1982 St. Cloud Times Article
1982 St. Cloud Times Article

Dan Coborn wasn’t destined to become a CEO. It was sheer tenacity, courage of conviction and a healthy dose of luck that got him there.

Dan was born to humble beginnings as the third of seven children to Duke and Florence (Graham) Coborn. Like most Depression era children, he was put to work at a young age to help make ends meet. He – alongside his three brothers, Bob, Bill and Ron – took on odd jobs as young boys. Many were what others considered the “worst jobs.” From checking eggs under a light for freshness to filling soft drink bottles to wrapping fish amidst the pungent odor, there were few jobs the Coborn brothers didn’t do.

“I started delivering groceries when I was 10 years old,” Dan said during a 2008 interview with Business Central. “All the able-bodied men were gone because of the war. I’d put a pillow on the seat so I could see out the window when driving the delivery truck.”

“You’re the boss’s son so you got to do it all,” Dan remembered his father saying.
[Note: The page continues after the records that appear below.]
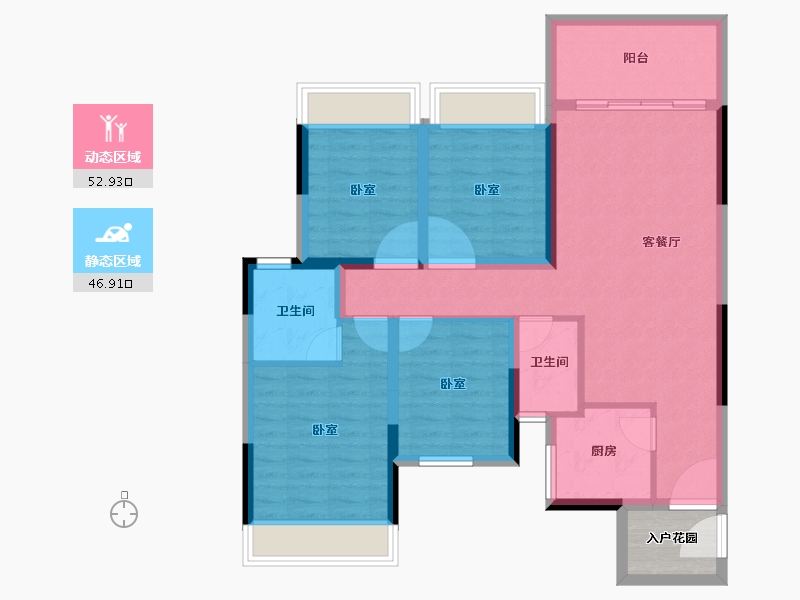 广西壮族自治区-桂林市-睿翔瑞园-92.25-户型库-动静分区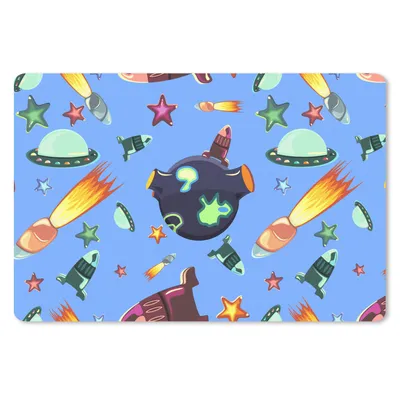 Produktbild von MuchoWow® Mauspad Mousepad Weltraum - Regenbogen - Ufo - Rakete - Design 27x18 cm - Mousepads - Maus Mat - Pad - Mausunterlage - Büroartikel - Desk Matten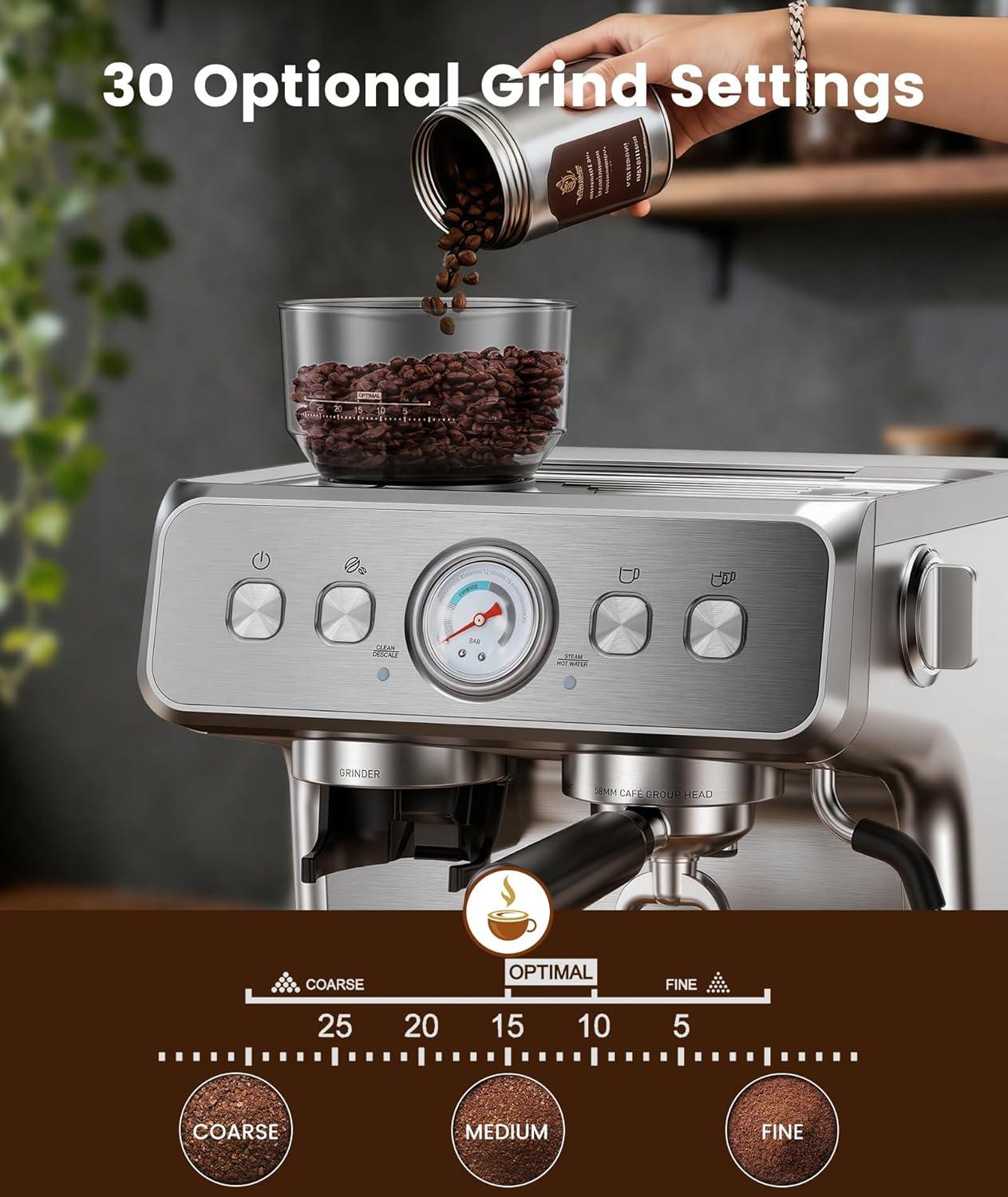 imageDouble Boiler Espresso Machine with Grinder 20 Bar Expresso Coffee Machines with Upgraded AntiClogging System Professional Coffee Maker with Milk Frother for Cappuccino Latte Americano
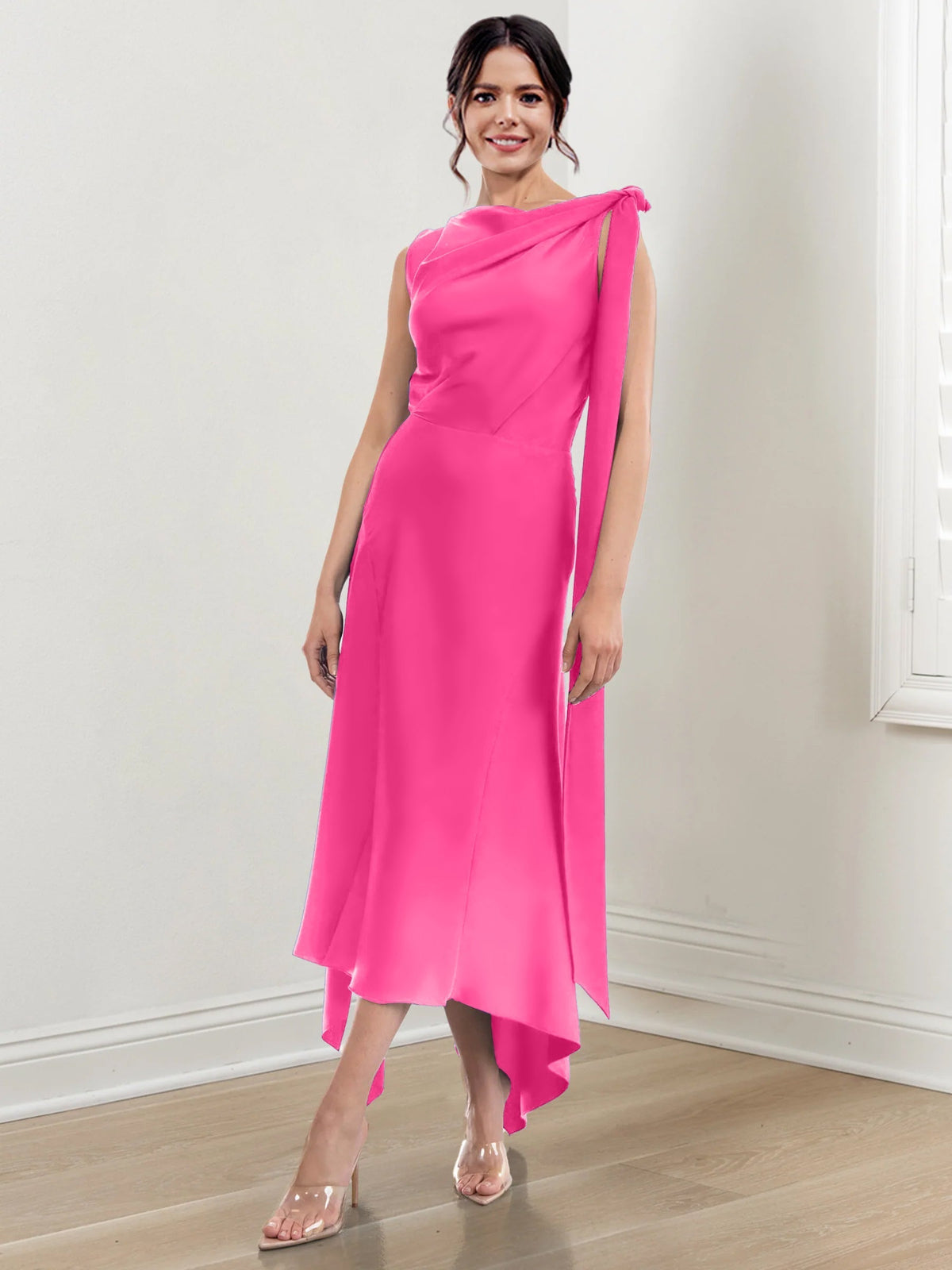 Asymmetrical Tea Length Mother of the Bride Sheath Dress with Ruched Column Jewel Neck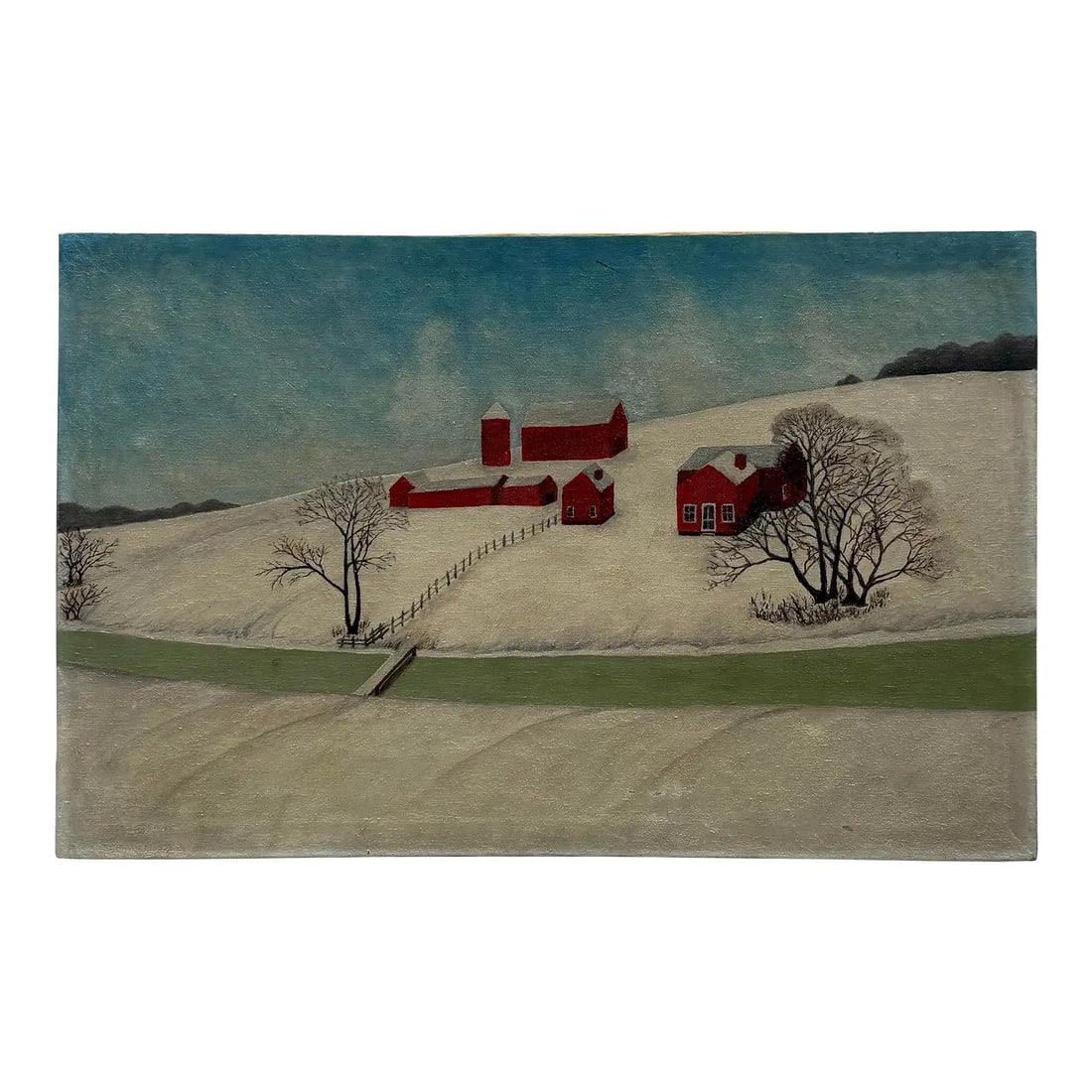 Acrylic Canvas Artwork Depicting Snowy Rural Prairie Scene: Acrylic Canvas Artwork Depicting Snowy Rural Prairie Scene This vintage boho acrylic painting on canvas depicts a tranquil rural prairie landscape in winter, featuring rolling white hills, bare trees,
Dan’s youth was colorful – full of mischief, antics and risk. In later years, he wasn’t proud of the trouble he had caused but he always took the good from the bad. His childhood experiences taught him lifelong lessons of patience, enduring optimism and the power of second chances. It was this remarkable influence that helped shape Coborn’s, Inc. into the company it is today.

Dan Coborn
Dan Coborn

Dan graduated from Sauk Rapids High School in 1948. He went on to attend Saint John’s University, where he played football. Temptations outside the classroom led to poor grades. One afternoon the Abbot called Dan to his office to bestow wisdom, “You know, Dan, the world needs truck drivers, too.” Dan got back on the straight and narrow and graduated in 1952 with a degree in economics.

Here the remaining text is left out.